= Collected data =
=== Begin Enclosure ===

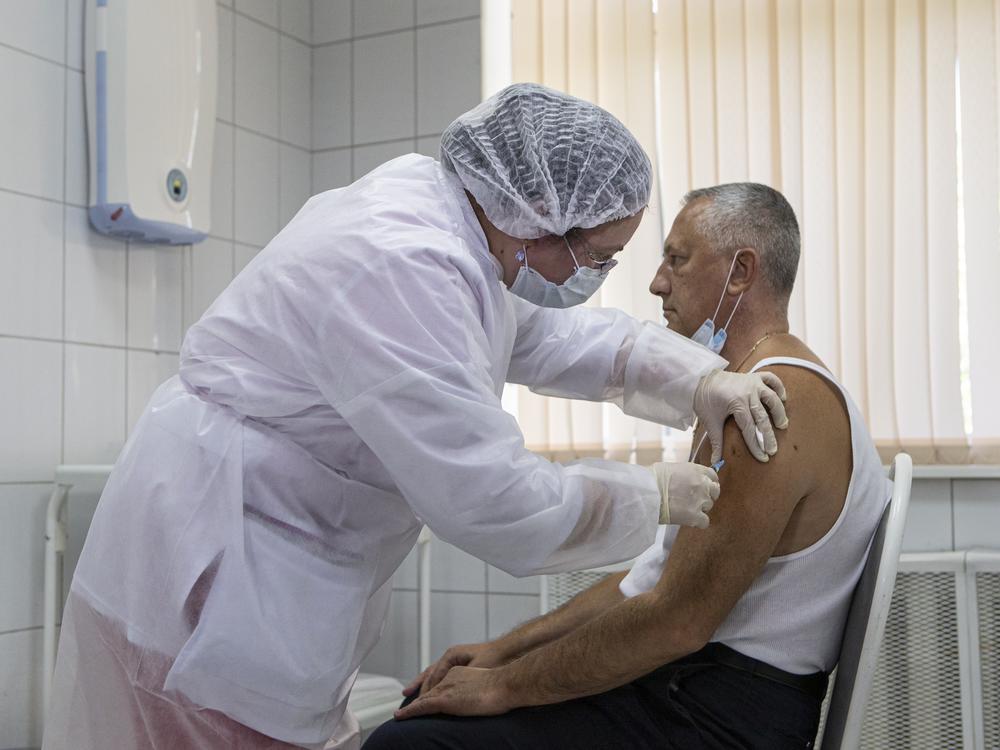 A Moscow health care worker administers a shot of Russia's Sputnik V coronavirus vaccine during clinical trials in September. President Vladimir Putin ordered the nation's health authorities to begin mass vaccinations next week.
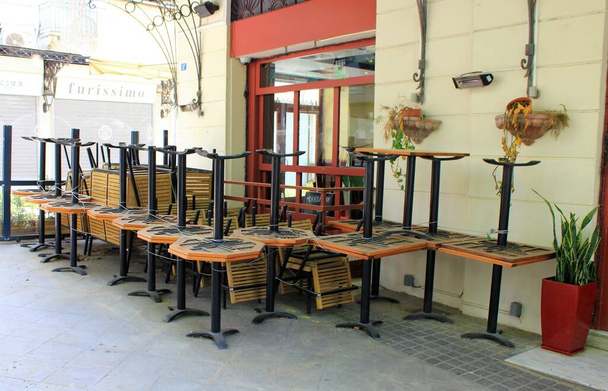 Ateny, Grecja, 6 maja 2020 r. - stoły i krzesła ułożone przed zamkniętą kawiarnią-restauracją podczas zamknięcia Coronavirus. - Zdjęcie, obraz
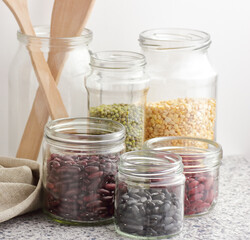 Variety of dry legumes: kidney bean, peas, green gram in glass jars uncooked on white kitchen background, zero waste, eco friendly, balanced diet food, healthy clean eating, vegan protein concept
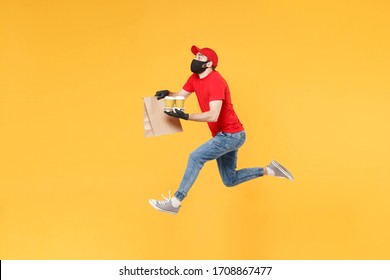 Fun Jumping Delivery Man Guy Employee In Red Cap Mask Gloves Hold Craft Paper Packet Food Coffee Isolated On Yellow Background Studio. Service Quarantine Pandemic Coronavirus Virus 2019-ncov Concept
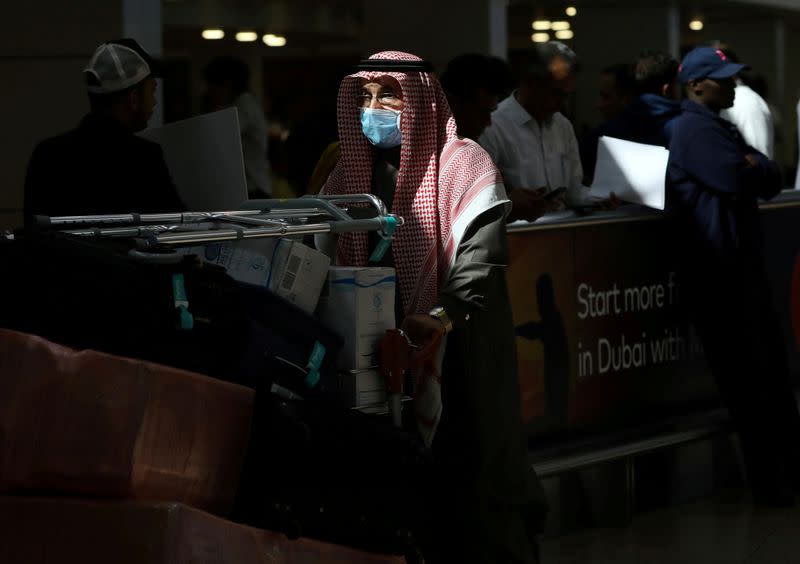 A traveller wears a mask as he pushes a cart with luggage at Dubai International Airport, after the UAE's Ministry of Health and Community Prevention confirmed the country's first case of coronavirus, in Dubai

=== End Enclosure ===

= PROBLEM REQUIREMENTS =
Repeat the lines exactly as they stand, from the opening line of the data through the line with "Ateny, Grecja, 6". Pictures stay out of the copy.

= RESPONSE TO THE EXERCISE =
 A Moscow health care worker administers a shot of Russia's Sputnik V coronavirus vaccine during clinical trials in September. President Vladimir Putin ordered the nation's health authorities to begin mass vaccinations next week.
 Ateny, Grecja, 6 maja 2020 r. - stoły i krzesła ułożone przed zamkniętą kawiarnią-restauracją podczas zamknięcia Coronavirus. - Zdjęcie, obraz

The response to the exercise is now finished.